John Strettell (1721–1786) of London, England, was one of the most important merchants providing trade goods to the Canadian fur trade in the period between the Conquest of Canada and his death in 1786.
Born in 1721, he was the second son of Robert Strettell, a London merchant and Quaker. Robert Strettell took most of his family to Philadelphia, Pennsylvania, where he was successful in business and became Mayor of Philadelphia. John remained in England, and was trained in business by his mother's brother, the merchant John Owen.
The business was that of a commission merchant, who supplied English manufactured goods to American merchants on credit, and sold the goods that the customers sent to pay their debts. John Strettell became his uncle's partner, and later carried on the business alone. By 1758 he was shipping trade goods to the Indian Commissioners of the colony of Pennsylvania, and he continued to trade to Pennsylvania at least till the outbreak of the Revolutionary War.
It was in Canada, however, that Strettell made his great success. Near the end of his career, he referred to "my Canada Friends, to whose favours I principally owe my present happy circumstances". Once Canada had passed into British hands, Strettell lost no time in taking advantage of the new market now available, a market largely dependent on the fur trade. In the spring of 1761, the first season when the fur trade could be re-established west of Montreal, he was already seeking permission from the Privy Council to send gunpowder to Canada for the Indian trade. During the period of military government of Canada, when severe restrictions were placed on the fur trade, Strettell was one of the London merchants who signed petitions to the Colonial Office, seeking relaxation of the regulations.

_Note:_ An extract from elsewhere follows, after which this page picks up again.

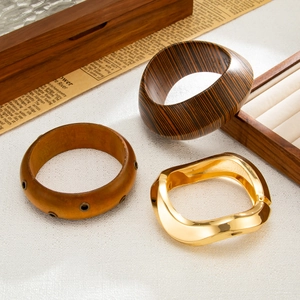 Close-up of geometric wooden and golden metal bracelets set on vintage background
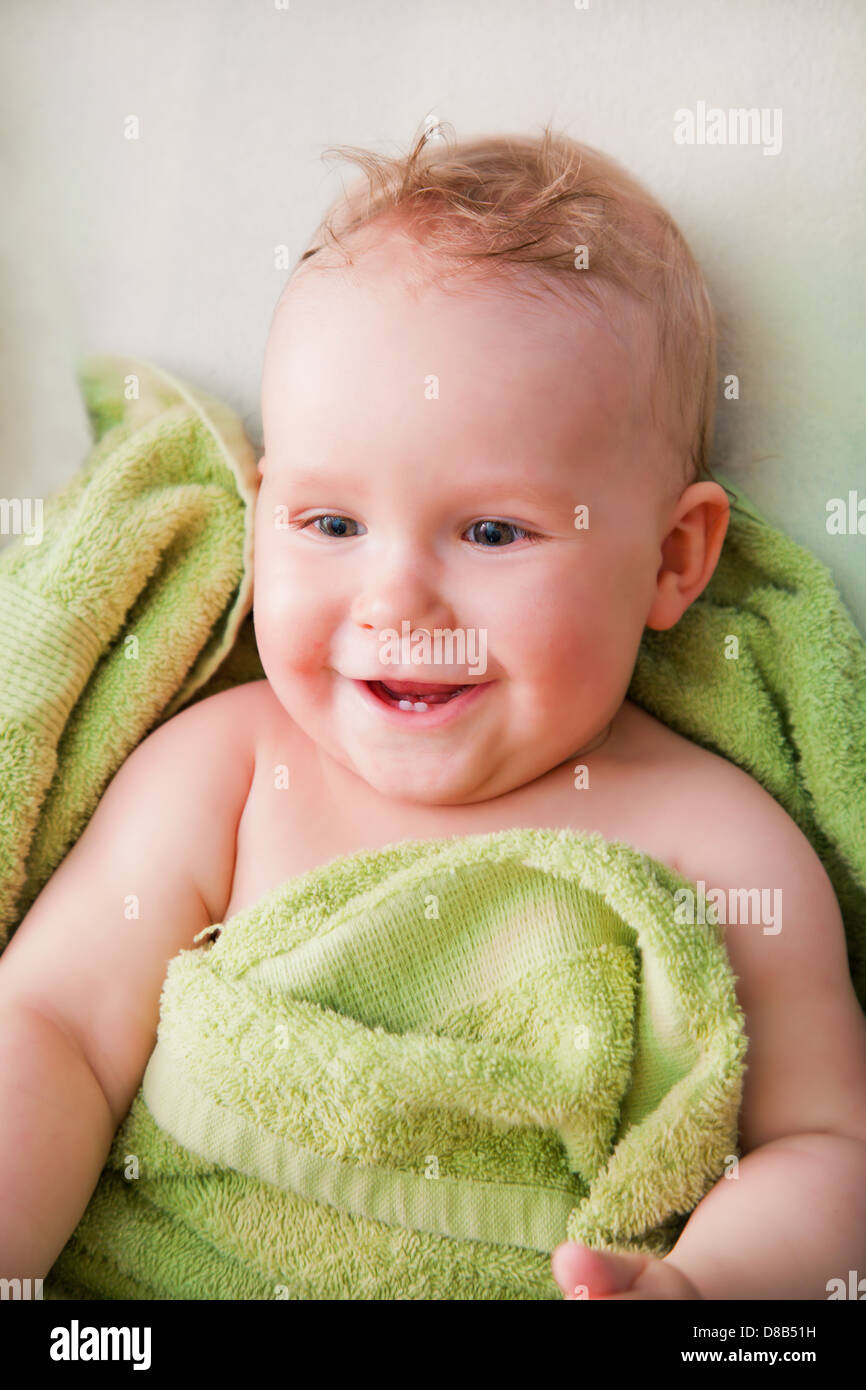 Ein glückliches Lächeln auf den Lippen Baby grünen Handtuch auf Bett liegend Stockfoto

He represented the "Canada merchants" who petitioned for the abolition of the Stamp Act and other offensive duties in 1765, and he led the effort to remove James Murray from the governorship of Quebec. Strettell's interest in various branches of the trade to America is further shown by his activity in collecting money for the relief of sufferers from the Montreal fire in 1765, and from the fire in Bridgetown, Barbados, in 1766; and for the establishment of what later became Brown University, in 1768.